#### TASK:
Please retype the entries below exactly, only from their first line through the line containing "Set of 6 Slate", leaving every picture out.

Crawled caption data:
********

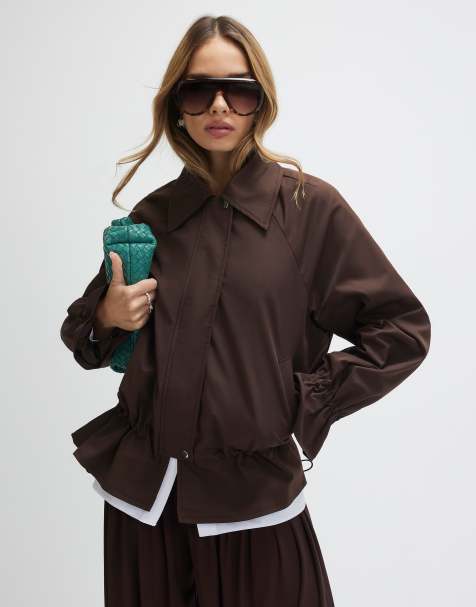 River Island Drop hem drawstring jacket in brown - dark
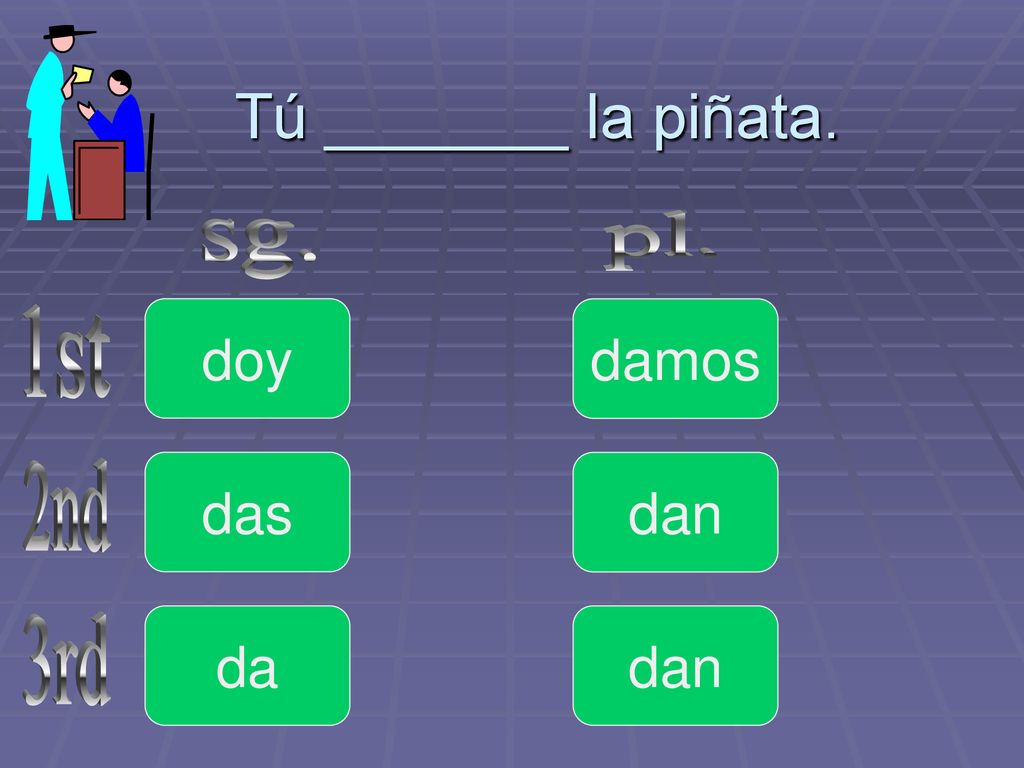 Tú _______ la piñata. pl. sg. doy damos 1st das dan 2nd da dan 3rd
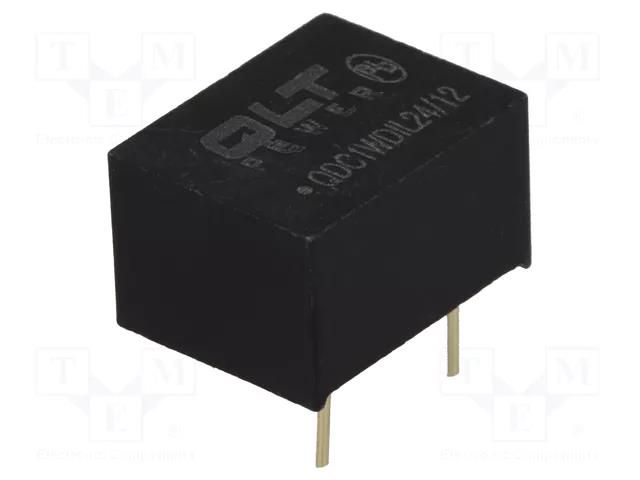 Converter: DC/DC; 1W; Uin: 21.6÷26.4VDC; Uout: 12VDC; DIP8; 100kHz QLT POWER QDC1WDIL24/12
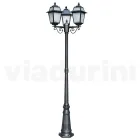 Lampadaire de jardin 219 cm de haut en Aluminium Anthracite et Verre Sablé - Elric Viadurini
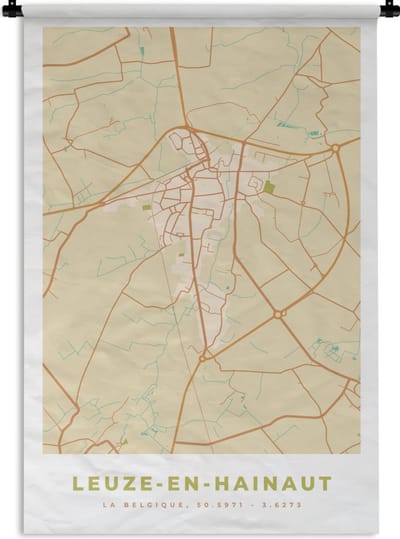 Wandkleed - Wanddoek - België - Leuze-en-Hainaut - Kaart - Stadskaart - Plattegrond - 120x180 cm - Wandtapijt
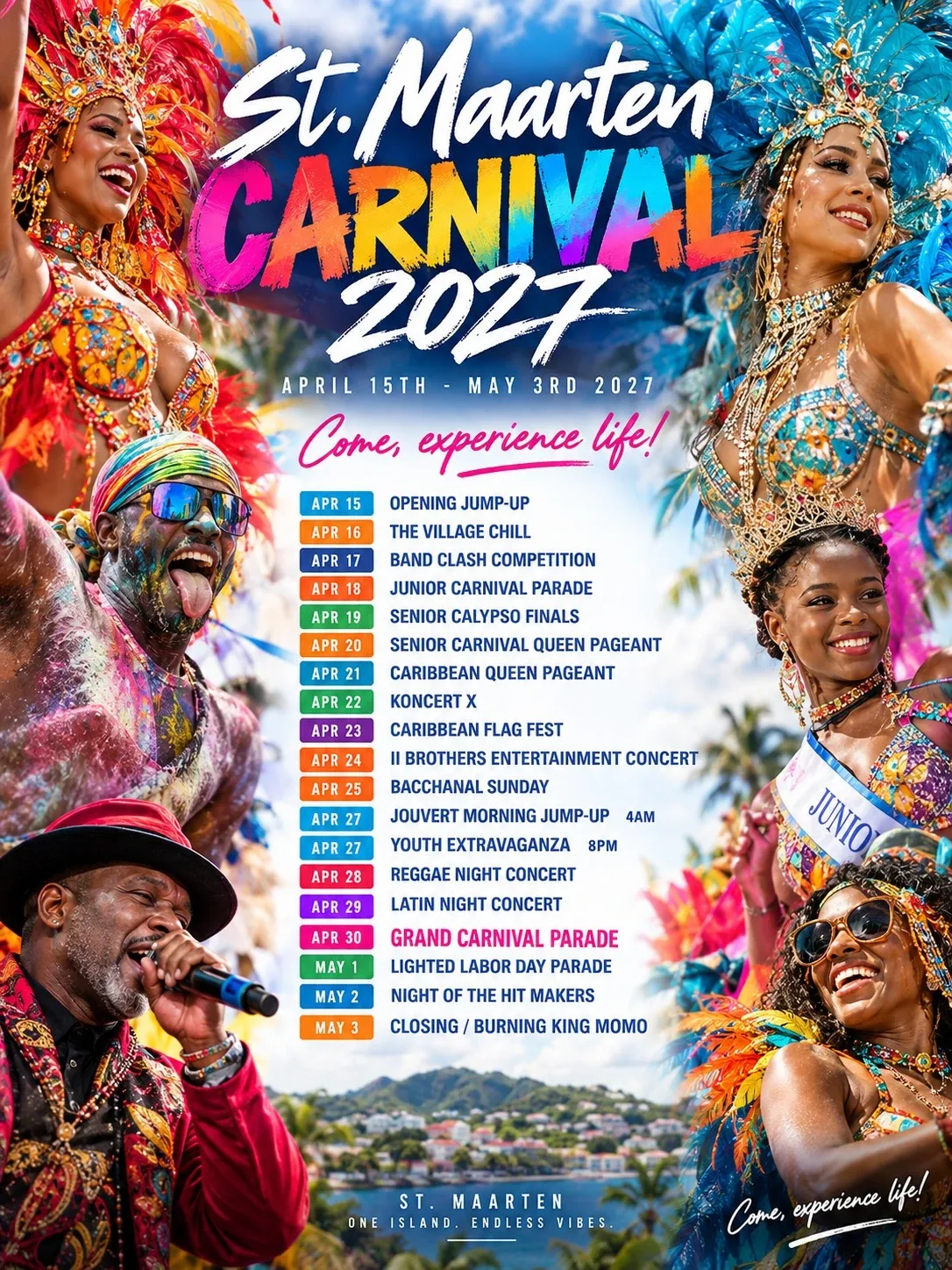 Carnaval de St. Maarten 2027 : trois semaines de fête à Philipsburg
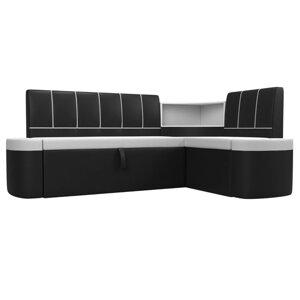 Кухонный угловой диван "Тефида", правый угол, дельфин, экокожа, цвет белый / чёрный
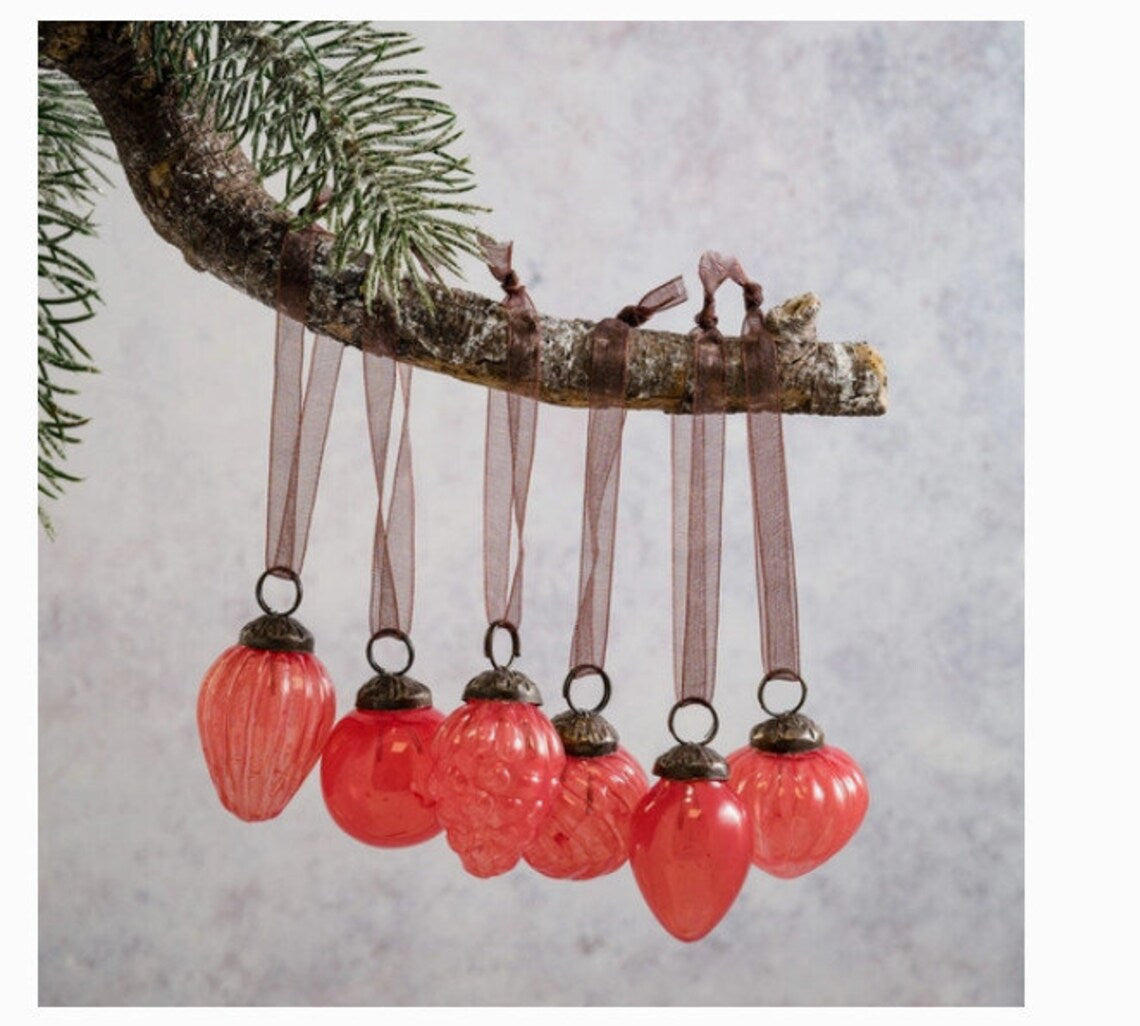 Set of 6 Slate Peach Luster Glass Ornaments, Bohemian Christmas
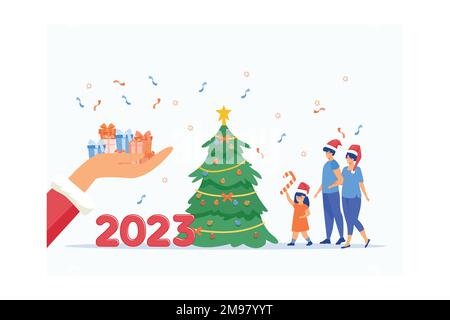 La mano di Babbo Natale dà i regali. numeri di 2023 anni su un tradizionale albero di natale. Famiglia felice, festa di natale. Anno nuovo, vacanze invernali, orizzontale b Illustrazione Vettoriale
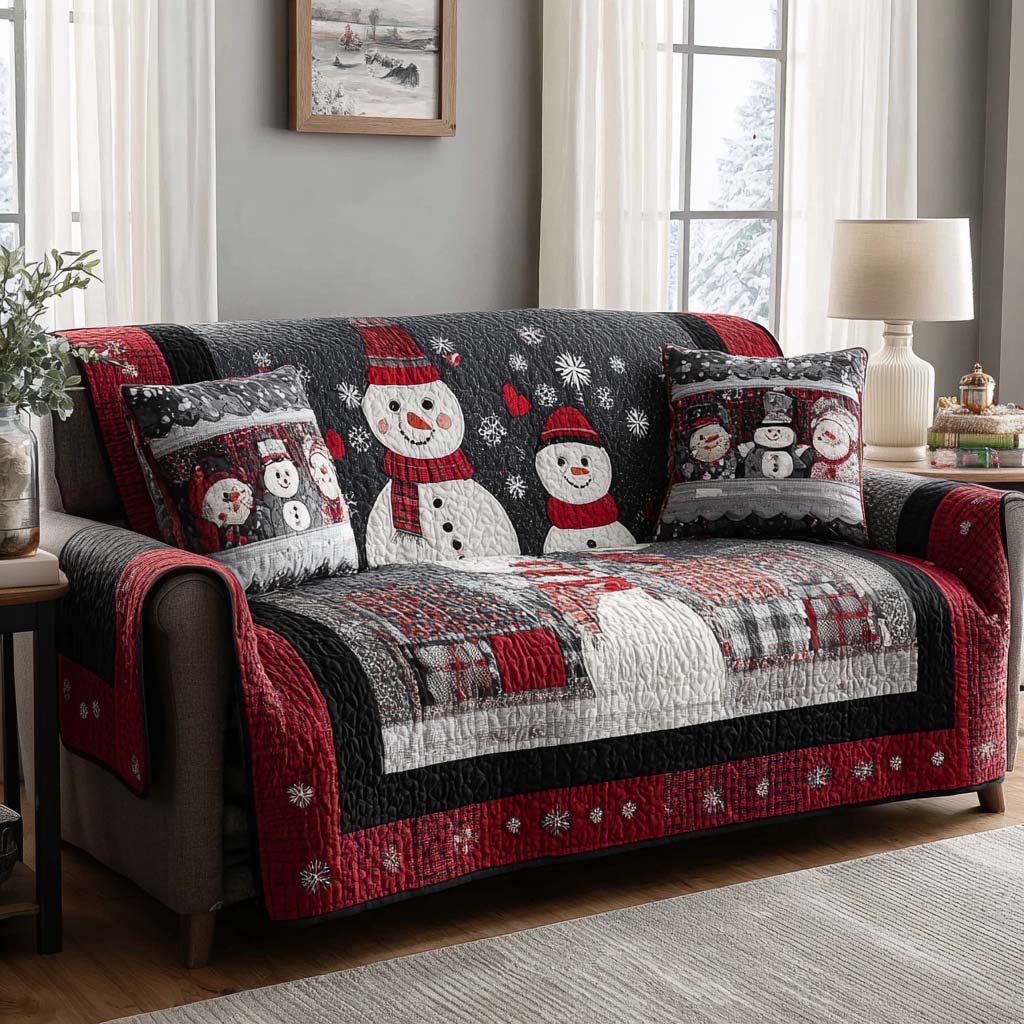 Nordic Plaid Snowmen Sofa Cover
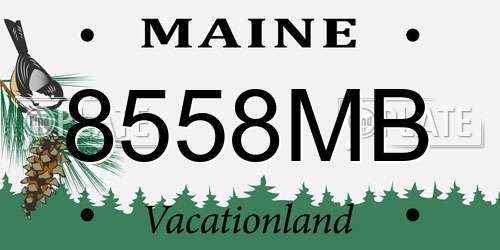 8558MB Maine License Plate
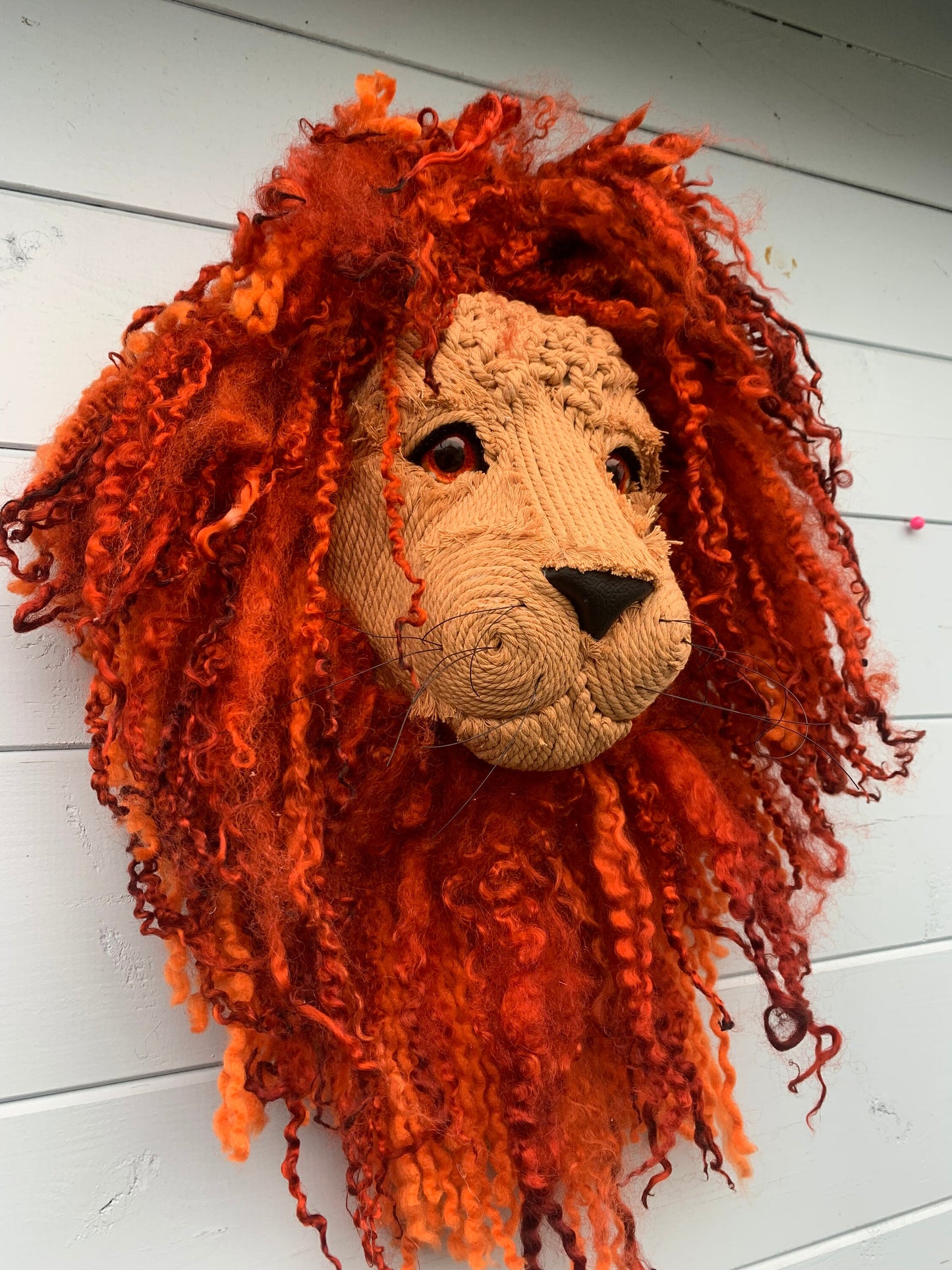 Lion head Simba from the lion king Look at that Face & Eyes !!! One of a kind real sheep fur macrame face birthday kids room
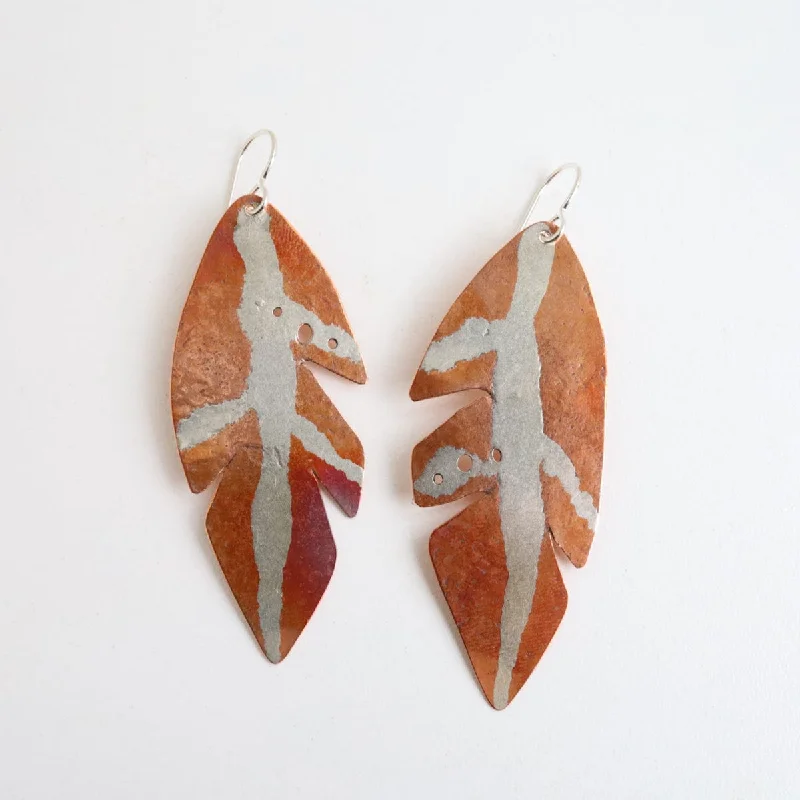 Large Copper Leaf Earrings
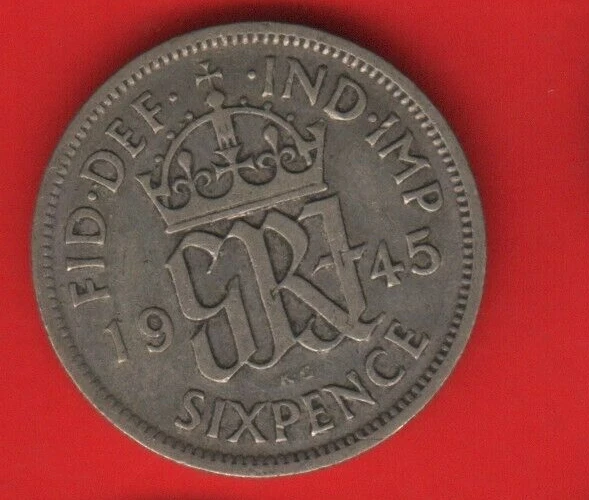 Great Britain6 Pence 1945  Silver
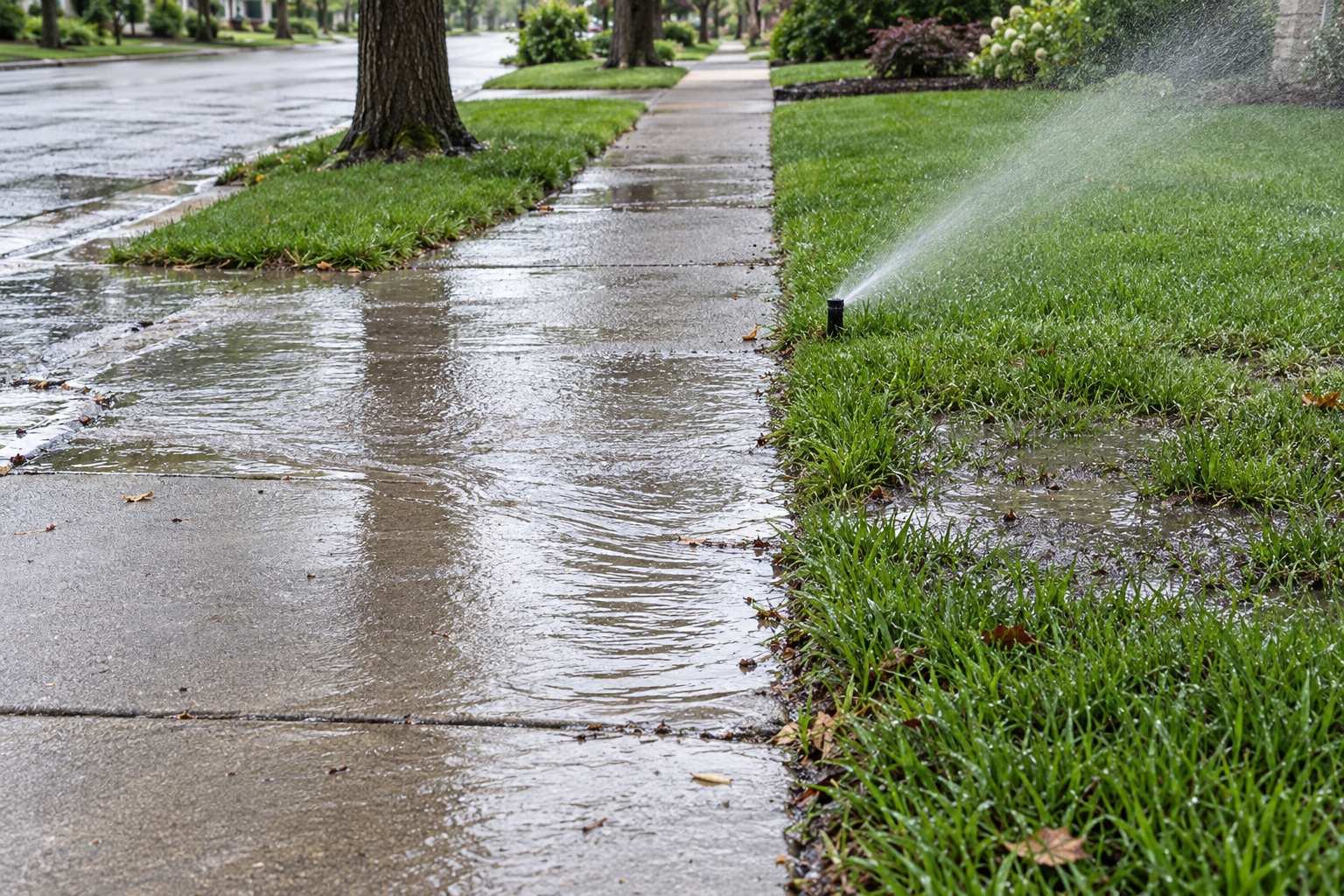 Sprinkler water running off a soaked lawn onto a concrete walk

********

#### WRITTEN SOLUTION:
 River Island Drop hem drawstring jacket in brown - dark
 Tú _______ la piñata. pl. sg. doy damos 1st das dan 2nd da dan 3rd
 Converter: DC/DC; 1W; Uin: 21.6÷26.4VDC; Uout: 12VDC; DIP8; 100kHz QLT POWER QDC1WDIL24/12
 Lampadaire de jardin 219 cm de haut en Aluminium Anthracite et Verre Sablé - Elric Viadurini
 Wandkleed - Wanddoek - België - Leuze-en-Hainaut - Kaart - Stadskaart - Plattegrond - 120x180 cm - Wandtapijt
 Carnaval de St. Maarten 2027 : trois semaines de fête à Philipsburg
 Кухонный угловой диван "Тефида", правый угол, дельфин, экокожа, цвет белый / чёрный
 Set of 6 Slate Peach Luster Glass Ornaments, Bohemian Christmas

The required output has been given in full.